* _DATA SUPPLIED_

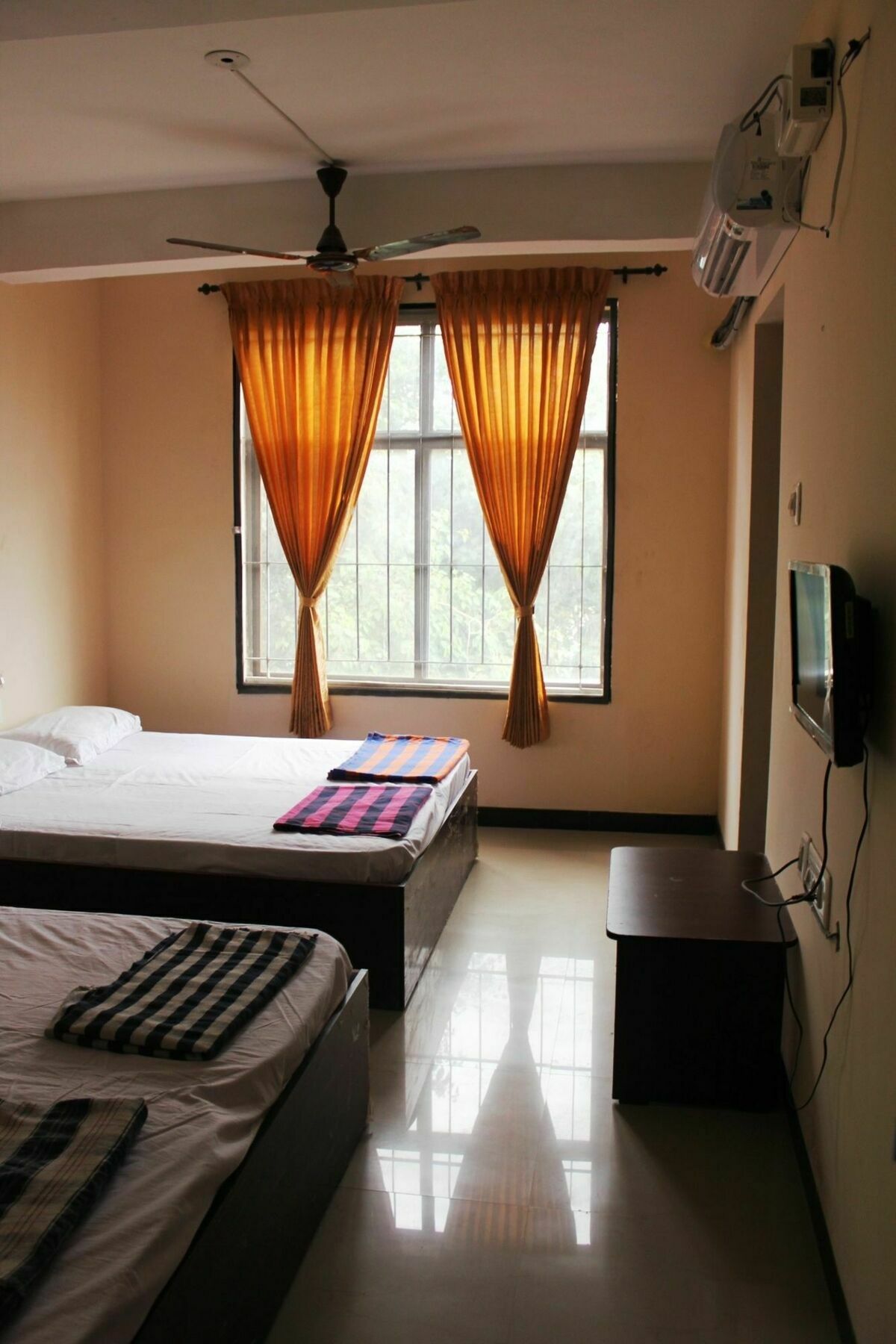 Aishvarya Residency Коимбатур Экстерьер фото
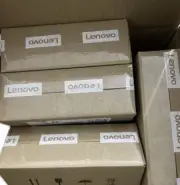 Lenovo 400GB 4XB0G45734 ThinkServer 03T7885 SAS 12Gb/s 2.5" in 3.5'' Tray SSD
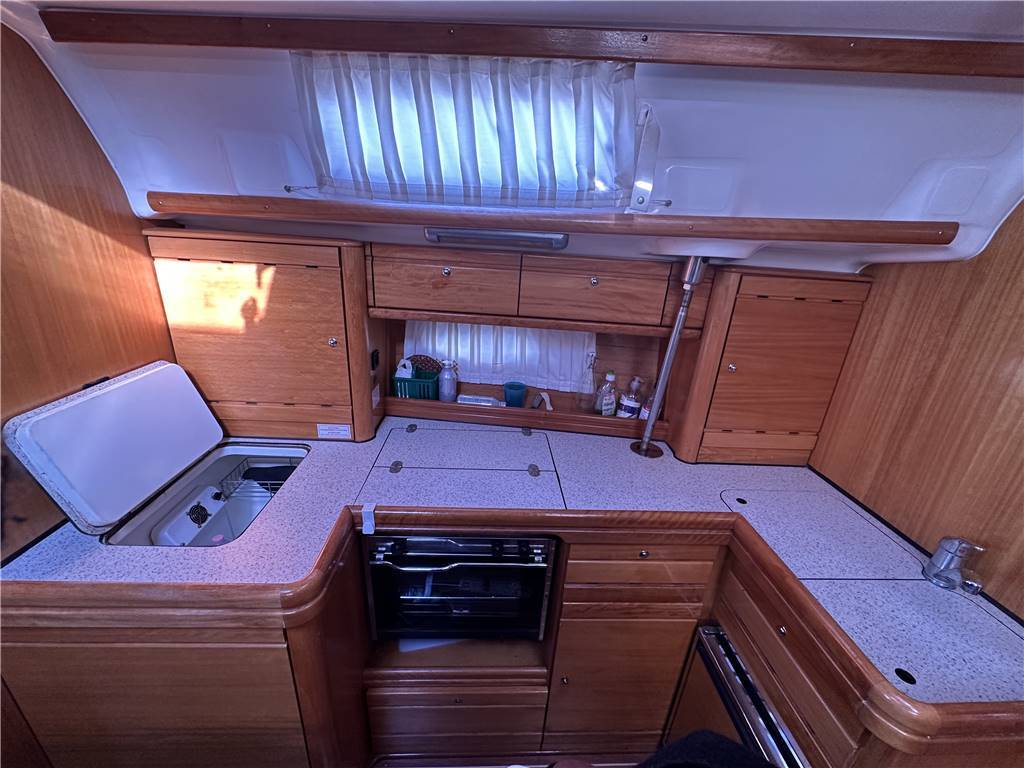 Bavaria 42 Cruiser J&J design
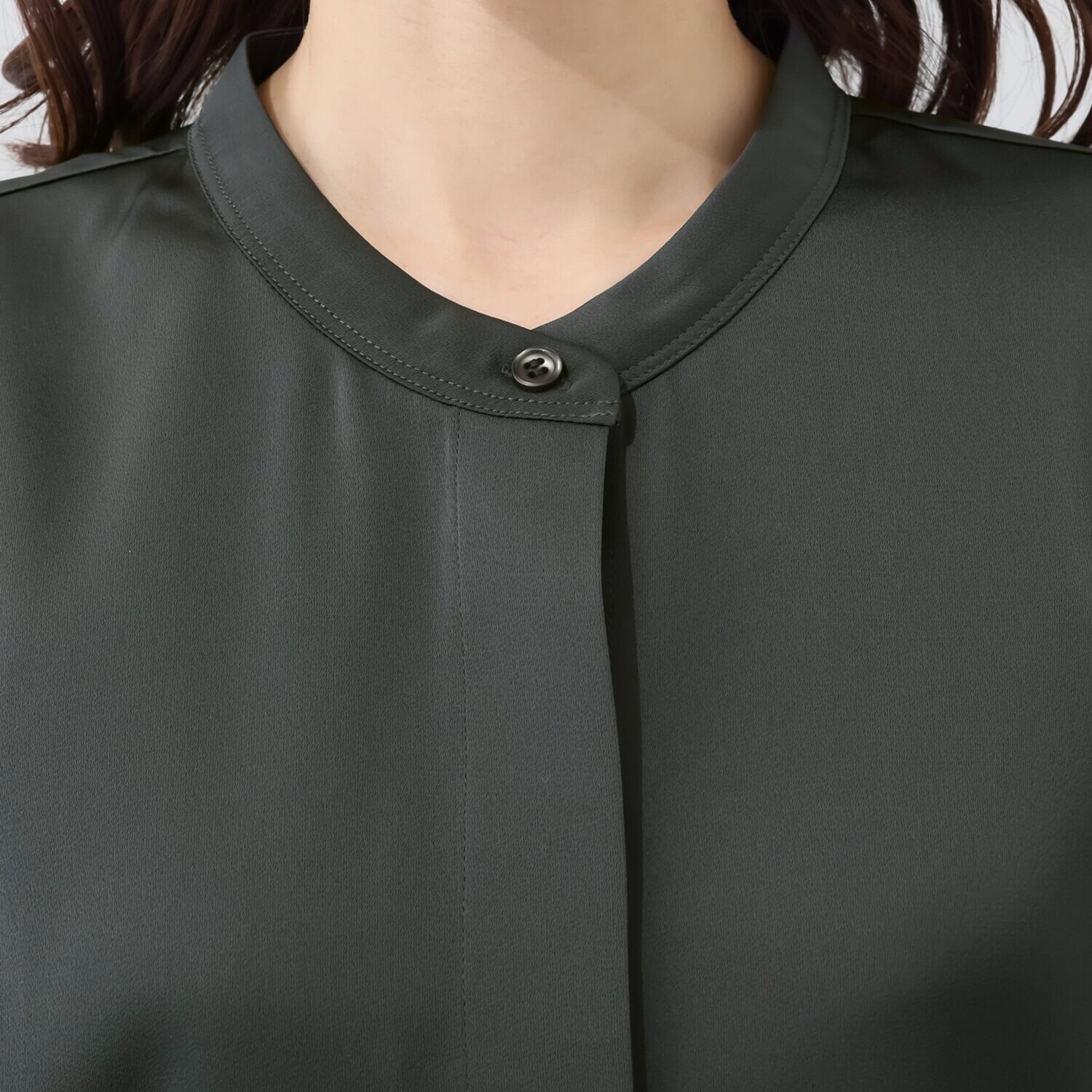 元町ゼラール ドレープ感が美しい！ とろみサテン ドルマンシャツ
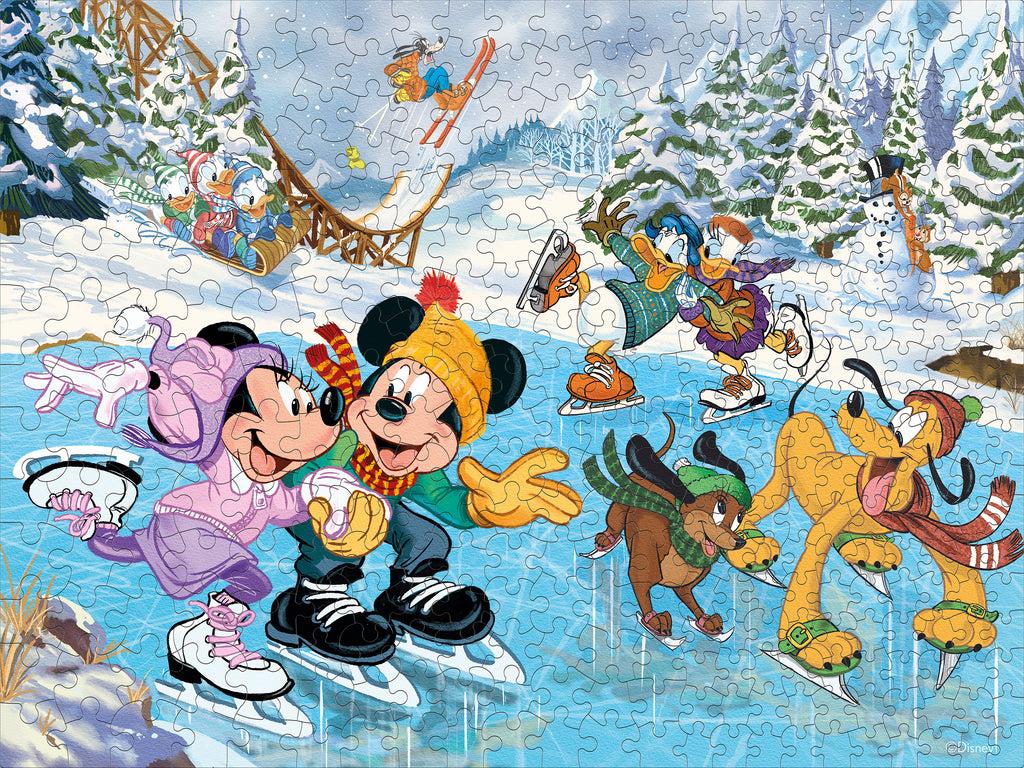 1024x768 Disney Holiday Together Time and Minnie Skating Piece P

* _REQUIREMENT_
In your copy, include no pictures, but reproduce all records exactly.

* _EXERCISE ANSWER_
 Aishvarya Residency Коимбатур Экстерьер фото
 Lenovo 400GB 4XB0G45734 ThinkServer 03T7885 SAS 12Gb/s 2.5" in 3.5'' Tray SSD
 Bavaria 42 Cruiser J&J design
 元町ゼラール ドレープ感が美しい！ とろみサテン ドルマンシャツ
 1024x768 Disney Holiday Together Time and Minnie Skating Piece P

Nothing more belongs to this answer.